START Source material

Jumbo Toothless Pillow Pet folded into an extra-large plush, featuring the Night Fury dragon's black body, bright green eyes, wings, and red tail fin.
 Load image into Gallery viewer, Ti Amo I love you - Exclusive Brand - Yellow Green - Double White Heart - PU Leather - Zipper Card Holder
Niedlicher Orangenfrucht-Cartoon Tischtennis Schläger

END Source material

> [What this task involves]
Every line of the listing is to be returned exactly as written.

> [Expected output]
Jumbo Toothless Pillow Pet folded into an extra-large plush, featuring the Night Fury dragon's black body, bright green eyes, wings, and red tail fin.
 Load image into Gallery viewer, Ti Amo I love you - Exclusive Brand - Yellow Green - Double White Heart - PU Leather - Zipper Card Holder
Niedlicher Orangenfrucht-Cartoon Tischtennis Schläger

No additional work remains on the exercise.